The ocean sound started to creep up and I started to sink back into myself. I was expecting to get that horrible sleep-paralysis feeling when I came back, but I had never actually gone to sleep…so I tried moving a finger. Moving one single finger a quarter of an inch after not having a body feels indescribable. I clenched my fist, one at first, then the other, and wiggled my toes. Yep, I’m in this body again. I slowly sat up in the tank, both exhausted and completely rejuvenated at the same time. I pushed open the door, and as my pupils shrank back into tiny black dots, I looked around for someone. Still alone. I blindly reached for a towel, and stumbled out into the real world again. Catching a glimpse of my reflection in the mirror on the way out had a certain completing-the-journey quality to it. After taking a shower to get the salt off, I sat around the outdoor firepit where everyone was. I tried my best not to talk about the experience as not to influence theirs, but I think that lasted about ten seconds.
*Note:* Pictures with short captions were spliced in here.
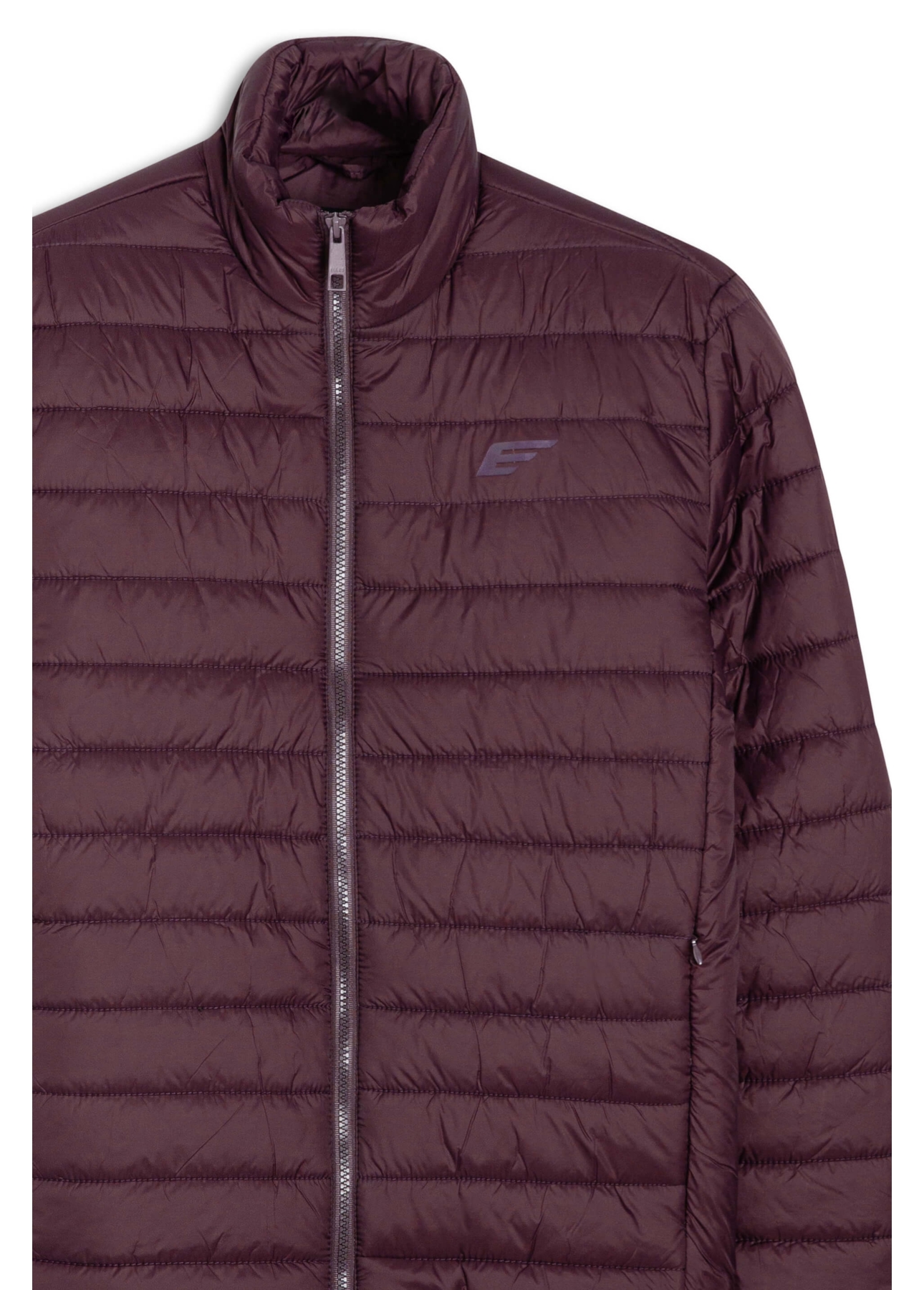 Jaqueta Nylon Light Down Dark Wine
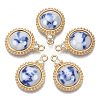 Porcelain Pendants KK-N235-039A-1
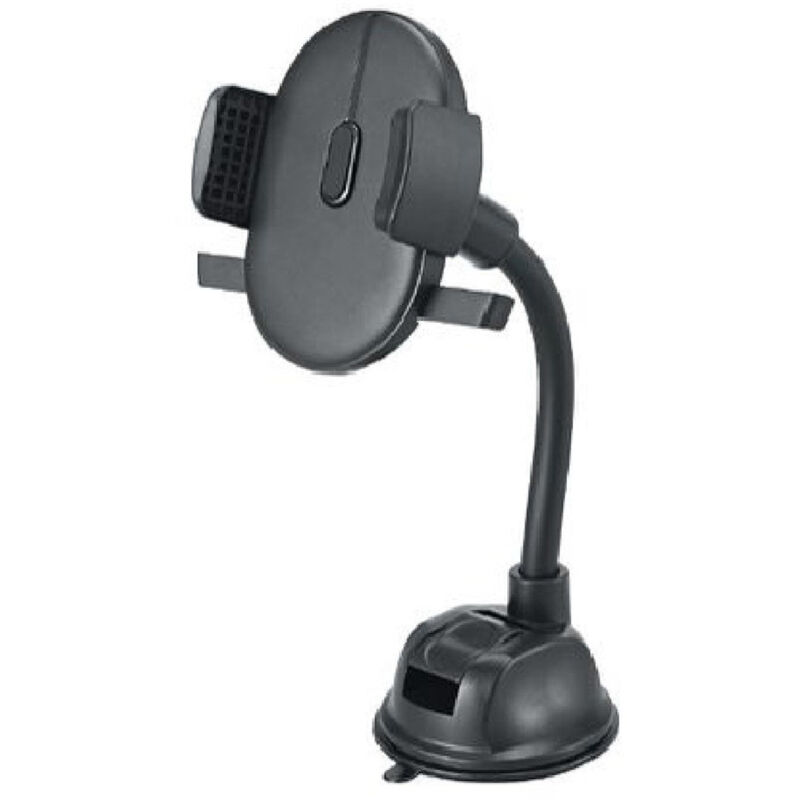 foto del prodotto maxtech portacellulare universale per supporto smartphone 4 7 a ventosa auto pt c023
After all four of us had gone in the isolation tank for one hour each, we all had completely different experiences and explanations – but we all agreed it was one of-if-not-the-single-most life-changing feelings we’d ever felt. And seriously, the way you physically feel afterwards is like getting a massage, doing a full workout, and getting 8 hours of sleep all at once.
Edward showed us the concept video for Floatspace, his next endeavor. He wants to set up isolation tanks for public and commercial use, and we talked about all the new possibilities that would arise. What if you could skype with other people while inside the chamber? What about virtual or augmented reality systems? If I could have, I would have invested a cool million right then and there.
With our journey complete, we thanked Edward I think about a hundred times before we climbed back into the car. The quality of sleep I had that night was unrivaled, and I was able to partially slip back into that floating feeling. This morning I woke up an hour before my alarm clock.
To sum it all up, go do this. I feel embarrassed that I haven’t done this before. Until you try it, you won’t understand what I’m talking about.